The water flowing over the Greenland-Scotland Ridge through the Faroe-Bank Channel consists of a very well-mixed bottom layer, with a stratified water layer on top. The temperature of this stratified layer can get to 11 °C in the upper 100 m of the channel, with a salinity around 35.1 g/kg; between 100 and 400 m depth the temperature of the water in the stratified layer is around 8 °C, with a salinity of 35.2 g/kg. The water below 400 m, in the well-mixed layer, can be characterised as overflow water.

=== Definition of overflow ===
The mixed bottom layer of the FBC is where the actual overflow takes place, being fed by inflow of cold and fresh North Atlantic Water, Modified North Atlantic Water, Norwegian Sea Deep Water and Norwegian Sea Arctic Intermediate Water. These water masses have different temperatures (between -0.5 and 7.0 °C) and salinities (between 34.7 and 35.4 g/kg). Therefore, it may be complicated to exactly define which water entering the FBC contributes to the actual overflow. Four definitions are possible, two of which depending on the overflow velocity, one depending on the overflow flux, and one depending on the overflow water properties.

The simplest definition is in terms of velocities: water with a velocity in northwestern direction is then termed Faroe-Bank Channel overflow. At the sill, velocities can grow up until 1.2 m/s, accelerating when flowing downwards the deepening bathymetry. In this respect, high velocities are associated with strong mixing and highly turbulent flows. In the stratified layer at the top of the channel, velocities become negative (i.e., in southeastern direction), which makes these water no part of the overflow.

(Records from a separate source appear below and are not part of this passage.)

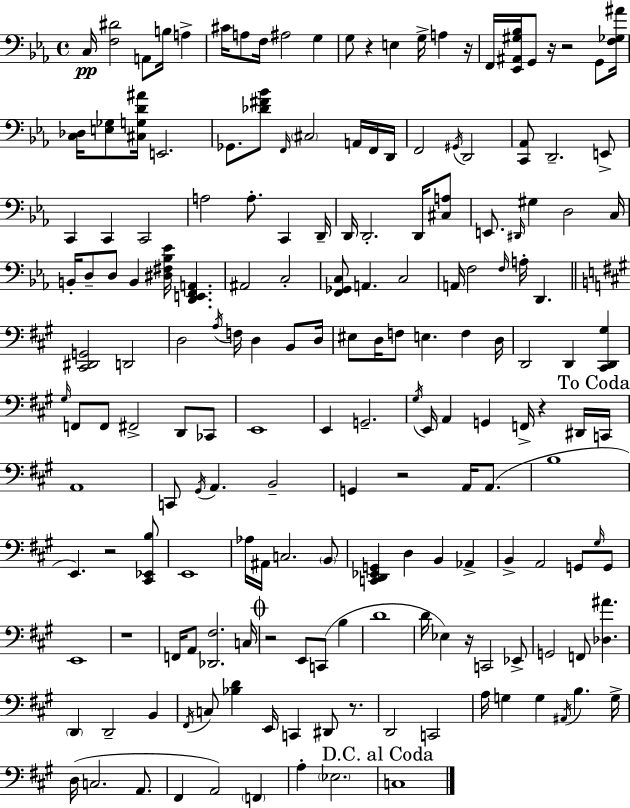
C3/s [F3,D#4]/h A2/e B3/s A3/q C#4/s A3/e F3/s A#3/h G3/q G3/e R/q E3/q G3/s A3/q R/s F2/s [Eb2,A#2,G#3,Bb3]/s G2/e R/s R/h G2/e [F3,Gb3,A#4]/s [C3,Db3]/s [E3,Gb3]/e [C#3,G3,D4,A#4]/s E2/h. Gb2/e. [Db4,F#4,Bb4]/e F2/s C#3/h A2/s F2/s D2/s F2/h G#2/s D2/h [C2,Ab2]/e D2/h. E2/e C2/q C2/q C2/h A3/h A3/e. C2/q D2/s D2/s D2/h. D2/s [C#3,A3]/e E2/e. D#2/s G#3/q D3/h C3/s B2/s D3/e D3/e B2/q [D#3,F#3,Bb3,Eb4]/s [D2,E2,F2,A2]/q. A#2/h C3/h [F2,Gb2,C3]/e A2/q. C3/h A2/s F3/h F3/s A3/s D2/q. [C#2,D#2,G2]/h D2/h D3/h A3/s F3/s D3/q B2/e D3/s EIS3/e D3/s F3/e E3/q. F3/q D3/s D2/h D2/q [C#2,D2,G#3]/q G#3/s F2/e F2/e F#2/h D2/e CES2/e E2/w E2/q G2/h. G#3/s E2/s A2/q G2/q F2/s R/q D#2/s C2/s A2/w C2/e G#2/s A2/q. B2/h G2/q R/h A2/s A2/e. B3/w E2/q. R/h [C#2,Eb2,B3]/e E2/w Ab3/s A#2/s C3/h. B2/e [C2,D2,Eb2,G2]/q D3/q B2/q Ab2/q B2/q A2/h G2/e G#3/s G2/e E2/w R/w F2/s A2/e [Db2,F#3]/h. C3/s R/h E2/e C2/e B3/q D4/w D4/s Eb3/q R/s C2/h Eb2/e G2/h F2/e [Db3,A#4]/q. D2/q D2/h B2/q F#2/s C3/e [Bb3,D4]/q E2/s C2/q D#2/e R/e. D2/h C2/h A3/s G3/q G3/q A#2/s B3/q. G3/s D3/s C3/h. A2/e. F#2/q A2/h F2/q A3/q Eb3/h. C3/w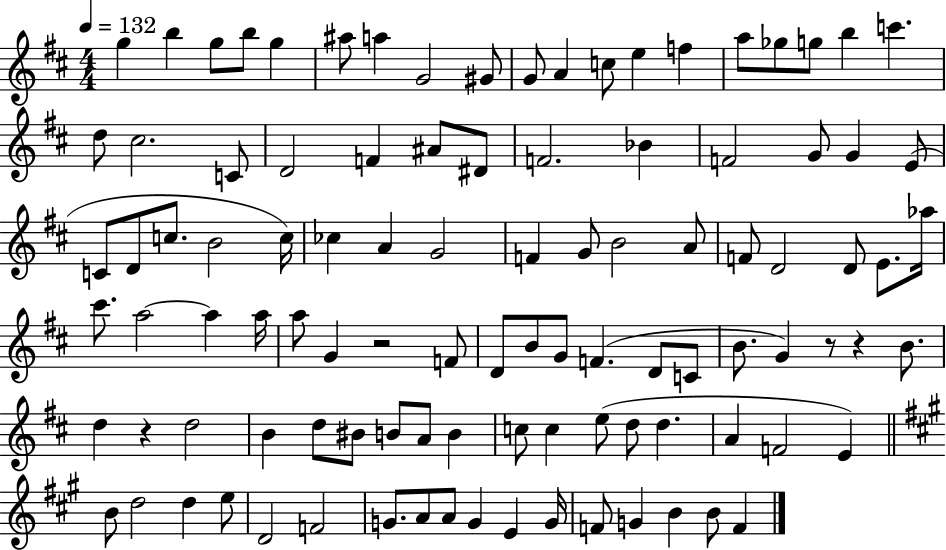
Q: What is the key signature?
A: D major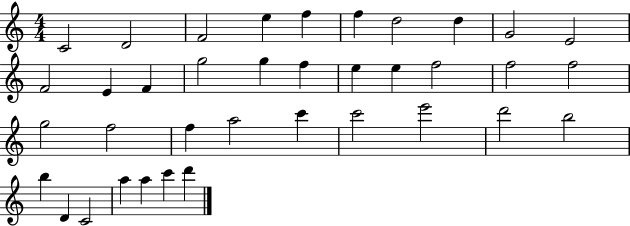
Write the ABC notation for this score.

X:1
T:Untitled
M:4/4
L:1/4
K:C
C2 D2 F2 e f f d2 d G2 E2 F2 E F g2 g f e e f2 f2 f2 g2 f2 f a2 c' c'2 e'2 d'2 b2 b D C2 a a c' d'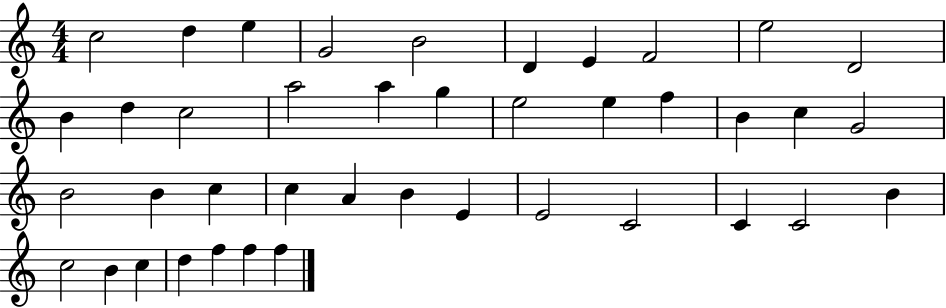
{
  \clef treble
  \numericTimeSignature
  \time 4/4
  \key c \major
  c''2 d''4 e''4 | g'2 b'2 | d'4 e'4 f'2 | e''2 d'2 | \break b'4 d''4 c''2 | a''2 a''4 g''4 | e''2 e''4 f''4 | b'4 c''4 g'2 | \break b'2 b'4 c''4 | c''4 a'4 b'4 e'4 | e'2 c'2 | c'4 c'2 b'4 | \break c''2 b'4 c''4 | d''4 f''4 f''4 f''4 | \bar "|."
}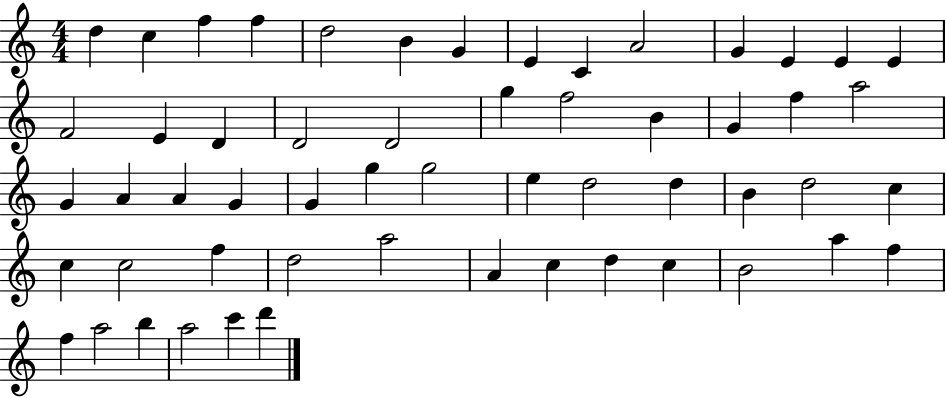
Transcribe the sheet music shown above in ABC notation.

X:1
T:Untitled
M:4/4
L:1/4
K:C
d c f f d2 B G E C A2 G E E E F2 E D D2 D2 g f2 B G f a2 G A A G G g g2 e d2 d B d2 c c c2 f d2 a2 A c d c B2 a f f a2 b a2 c' d'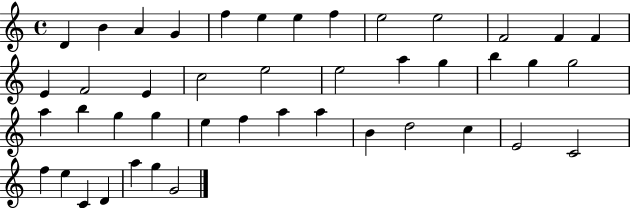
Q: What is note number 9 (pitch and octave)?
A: E5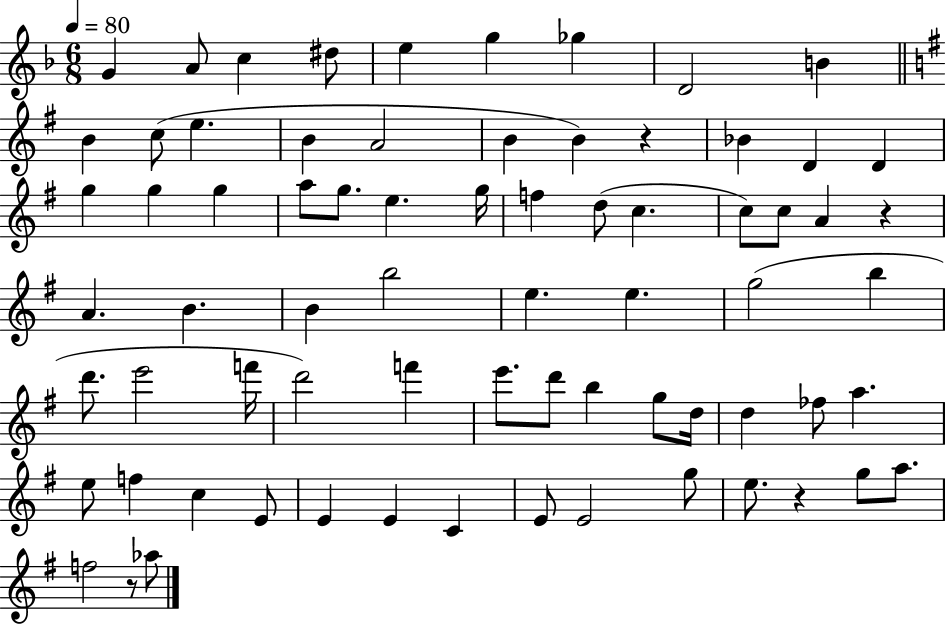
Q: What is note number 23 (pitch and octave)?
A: A5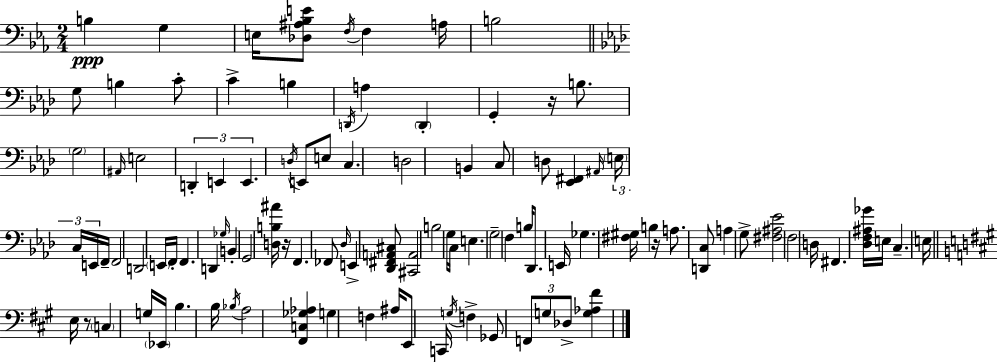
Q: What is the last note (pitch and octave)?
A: Db3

Another option is to take into account the barotropic (i.e., horizontal sea-surface height gradients determine currents) and baroclinic (i.e., horizontal density gradients determine currents) pressure gradients at the overflow depth between both sides of the GSR:$$\Delta P_{trop} = g\Delta h$$$$\Delta P_{clin} = g\Delta H \frac{\Delta\rho}{\rho}$$where $\Delta h$ is the decrease in sea-surface height and $\Delta H$ is the decrease in interface height from upstream areas to the sill. Processes like mixing, circulation and convection contribute to these pressure gradients. The overflow velocity, then, scales as follows with the pressure gradient between the basins north and south of the ridge:

$$v = \sqrt{2\left(\Delta P_{trop} + \Delta P_{clin}\right)}$$This velocity can then be used to define the total overflow flux in the FBC.

A third definition is so-called kinematic overflow: the water flux from the bottom of the channel up to the interface height, being the level where the velocity in northwestern direction measures one half of the maximum velocity in the profile. The overflow flux is then calculated through$$Q_{k}(t) = \int_{x_{1}}^{x_{2}} v_{0}(x,t) \left(h_{0}(x,t) -
h_{B}\right) \operatorname{d}\!x + \int_{x_{1}}^{x_{2}} q_{B}\left(x,t\right)\operatorname{d}\!x$$where $v_{0}$ is the average profile velocity, $h_{0}$ is the interface height, $h_{B}$ is the height of the layer below the lowest measurement station in the channel, and $q_{B}$ is the volume flux per unit width of the channel.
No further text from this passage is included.